# PROBLEM STATEMENT
The expected response is the full listing, retyped exactly, without its images.

# INFORMATION PROVIDED
-*-*-
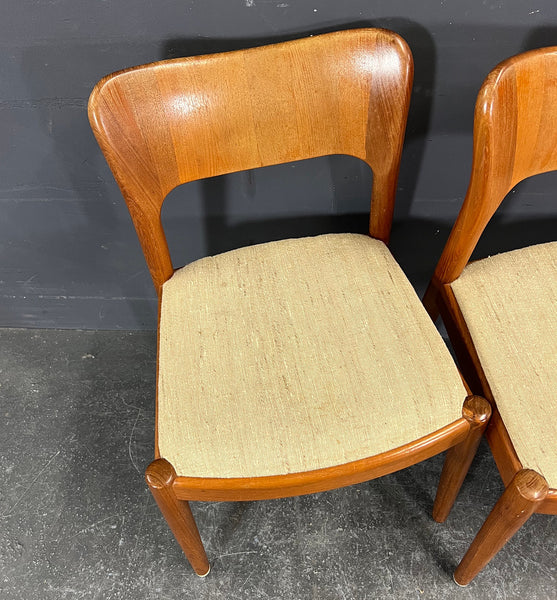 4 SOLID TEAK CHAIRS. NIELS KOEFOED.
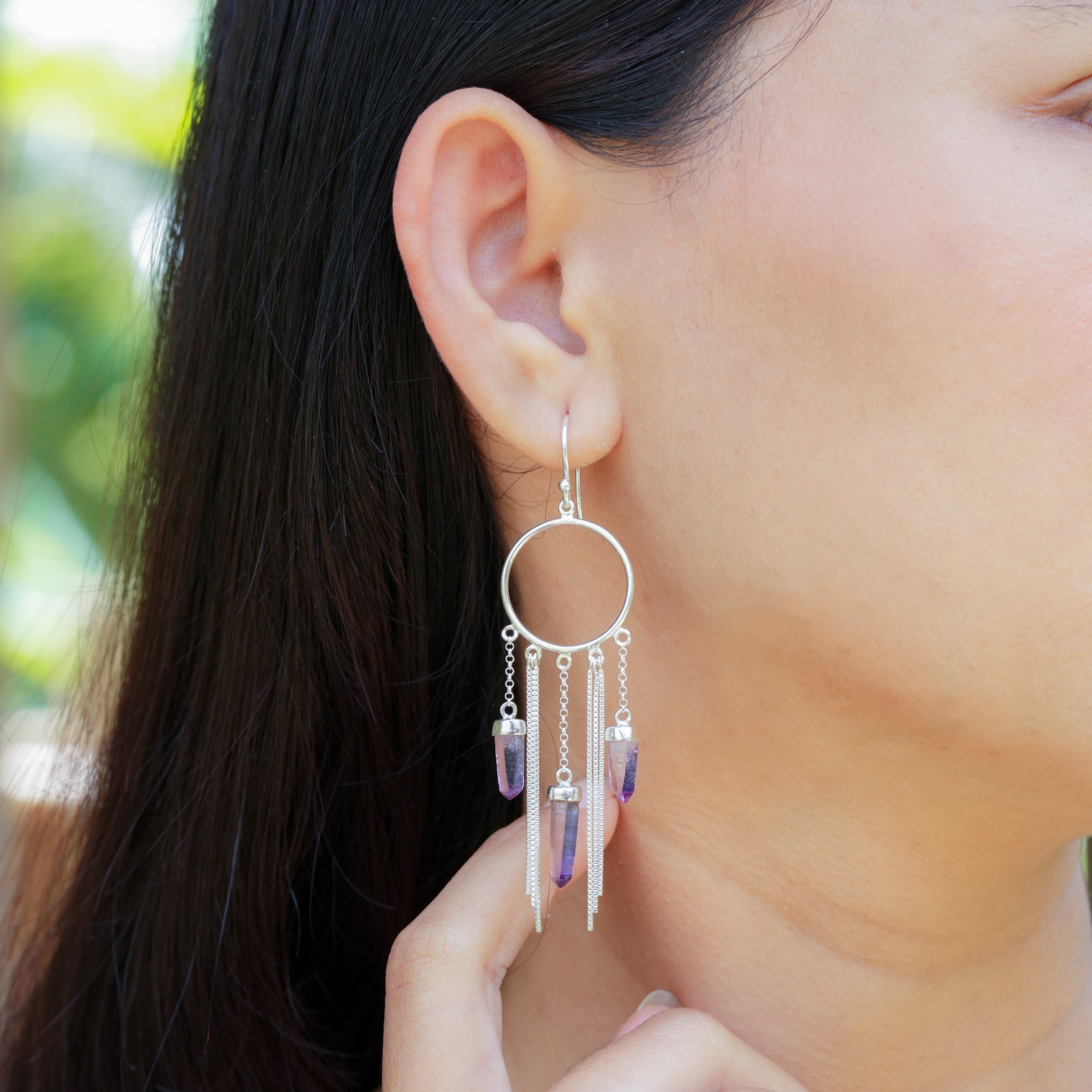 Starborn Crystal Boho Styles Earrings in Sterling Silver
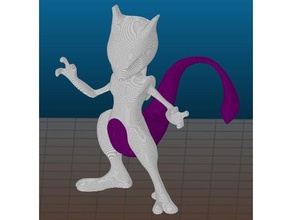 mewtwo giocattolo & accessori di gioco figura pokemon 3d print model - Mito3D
-*-*-
# OUTPUT FOR THIS TASK
 4 SOLID TEAK CHAIRS. NIELS KOEFOED.
 Starborn Crystal Boho Styles Earrings in Sterling Silver
 mewtwo giocattolo & accessori di gioco figura pokemon 3d print model - Mito3D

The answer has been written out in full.